The research prioritisation exercise. How LeoPARDS was born.

Dr Robert Orme.
Consultant Intensivist, Cheltenham General Hospital. 

Like many ‘jobbing’ intensivists I had always admired those of us who managed to get involved in serious research and get their names in the big journals. I’d also, on many an occasion, thought of important questions that I felt really needed answering with a proper clinical trial but thought that not being a proven researcher in an academic institution would render this unachievable. That’s where the Intensive Care Society really can help, as my experience of the research prioritisation exercise proves.

In 2007, around 5 patients with severe sepsis and myocardial dysfunction on our ICU in Cheltenham received levosimendan after we’d read of its promise in Andrea Morelli’s paper in Intensive Care Medicine. It seemed to make a dramatic impact and all of our patients survived. 


We felt this drug had the potential to improve outcomes in severe sepsis and so worked together to develop an idea for a clinical trial which we then entered into the 2008 Research Prioritisation Exercise. Having pitched this to the Intensive Care Society the proposal was taken forward as one of 6 for presentation at the SOA meeting in December, with the winning proposal receiving a pump-priming £50,000 grant. When, however, I lost out to Tony Gordon’s VANISH trial proposal, I thought that would be the end of the line.

However, the ICS remained hugely supportive of the idea. With the support of the then director of research, Duncan Young, the trial proposal was discussed with the HTA who didn’t feel a phase 3 clinical trial was the way forward.  However, there was clearly some support and, over the next couple of years ongoing discussions lead to a team of experienced researchers including Tony Gordon, Mervyn Singer, Danny McAuley and Gavin Perkins, plus one novice (me) being assembled to progress a phase 2 trial application. With their help and guidance I developed the trial protocol and Tony took on the role of lead investigator and submitted an application to the NIHR EME (Efficacy and Mechanism Evaluation) programme. Whilst this failed due to our choice of primary endpoint, the NIHR were keen to see a revised application and so with a new primary outcome measure decided upon we re-submitted our application in early-2011. In July 2011 we heard the amazing news that we’d been successful. I was now part of the trial team and a co-investigator on a large research grant! The LeoPARDS trial was up and running.

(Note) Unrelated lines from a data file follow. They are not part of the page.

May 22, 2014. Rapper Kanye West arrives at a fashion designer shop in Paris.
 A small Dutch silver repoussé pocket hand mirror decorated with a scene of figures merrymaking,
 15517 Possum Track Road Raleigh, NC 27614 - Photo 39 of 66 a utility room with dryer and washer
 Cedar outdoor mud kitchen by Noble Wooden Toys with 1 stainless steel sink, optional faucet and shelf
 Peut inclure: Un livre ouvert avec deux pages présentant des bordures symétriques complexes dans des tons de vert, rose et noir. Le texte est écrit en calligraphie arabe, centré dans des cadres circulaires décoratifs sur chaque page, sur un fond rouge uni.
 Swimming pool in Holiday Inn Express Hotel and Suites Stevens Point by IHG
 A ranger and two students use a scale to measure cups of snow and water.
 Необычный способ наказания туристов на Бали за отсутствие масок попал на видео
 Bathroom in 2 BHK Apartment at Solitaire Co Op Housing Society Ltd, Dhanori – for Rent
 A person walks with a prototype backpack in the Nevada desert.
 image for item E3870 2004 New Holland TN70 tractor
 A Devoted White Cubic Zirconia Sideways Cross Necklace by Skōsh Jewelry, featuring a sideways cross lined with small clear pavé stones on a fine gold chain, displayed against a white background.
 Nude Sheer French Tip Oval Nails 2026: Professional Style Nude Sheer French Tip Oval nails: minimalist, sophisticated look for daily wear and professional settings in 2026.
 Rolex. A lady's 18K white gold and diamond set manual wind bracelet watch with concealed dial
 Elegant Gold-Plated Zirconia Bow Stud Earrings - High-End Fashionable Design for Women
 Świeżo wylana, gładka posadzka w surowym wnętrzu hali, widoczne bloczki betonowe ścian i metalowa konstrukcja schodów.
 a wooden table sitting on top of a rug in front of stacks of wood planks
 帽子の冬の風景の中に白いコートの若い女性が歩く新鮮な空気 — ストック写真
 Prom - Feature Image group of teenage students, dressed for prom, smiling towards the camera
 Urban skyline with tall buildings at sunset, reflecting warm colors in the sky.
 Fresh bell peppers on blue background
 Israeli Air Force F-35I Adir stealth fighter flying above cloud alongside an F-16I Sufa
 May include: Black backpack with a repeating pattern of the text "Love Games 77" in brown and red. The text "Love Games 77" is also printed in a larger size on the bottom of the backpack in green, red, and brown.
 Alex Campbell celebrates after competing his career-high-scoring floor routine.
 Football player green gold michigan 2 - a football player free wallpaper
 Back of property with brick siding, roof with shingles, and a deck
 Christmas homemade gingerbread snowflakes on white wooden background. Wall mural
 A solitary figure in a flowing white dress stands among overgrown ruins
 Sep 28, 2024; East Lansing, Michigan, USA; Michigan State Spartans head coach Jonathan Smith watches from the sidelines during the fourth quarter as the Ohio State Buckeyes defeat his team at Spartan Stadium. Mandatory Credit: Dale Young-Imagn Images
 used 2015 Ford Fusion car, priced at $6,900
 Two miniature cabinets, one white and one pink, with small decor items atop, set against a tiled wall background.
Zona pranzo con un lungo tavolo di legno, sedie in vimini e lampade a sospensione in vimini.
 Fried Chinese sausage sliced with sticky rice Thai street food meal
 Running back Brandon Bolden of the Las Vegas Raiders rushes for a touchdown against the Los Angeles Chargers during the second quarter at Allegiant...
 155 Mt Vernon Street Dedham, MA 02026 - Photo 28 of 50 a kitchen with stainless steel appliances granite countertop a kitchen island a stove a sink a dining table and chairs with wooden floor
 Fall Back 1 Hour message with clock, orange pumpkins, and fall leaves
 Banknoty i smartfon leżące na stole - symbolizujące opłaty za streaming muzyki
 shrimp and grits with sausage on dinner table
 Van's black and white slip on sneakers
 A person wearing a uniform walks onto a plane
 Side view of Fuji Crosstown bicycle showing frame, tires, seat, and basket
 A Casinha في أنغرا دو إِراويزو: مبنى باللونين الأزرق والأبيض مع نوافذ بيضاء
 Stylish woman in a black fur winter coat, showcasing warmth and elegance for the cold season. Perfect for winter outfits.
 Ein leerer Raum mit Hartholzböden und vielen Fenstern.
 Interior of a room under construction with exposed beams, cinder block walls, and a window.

My involvement with the trial continued, both as part of the trial management team and as a member of the trial steering committee but also as the local PI for my Trust. With Tony’s help I wrote the trial protocol. And in January 2014 we recruited the first of 516 patients to the trial. We finished recruitment in late 2016, and the results were presented at the ESICM LIVES conference in Milan in October 2017 with a simultaneous publication in the NEJM. Little did I think when the idea first sprang into our heads in Cheltenham that 10 years later it would have led to a major RCT and an NEJM paper.

The experience of being part of a major trial was hugely rewarding and educational in so many ways. We have some fantastic researchers here in the UK and I was fortunate enough to work with them and learn from them. There is no doubt that the co-ordinated approach to research in ICM we now have as a result of the ICS’s work has transformed our ability to deliver landmark trials. Critically, the research prioritisation exercise provides the chance to get that research question that you’ve always had listened to by our leading researchers. If, like me, you’ve got an idea then submit a proposal to this year’s research prioritisation exercise. You never know, you might just get it funded and get your name in the NEJM too.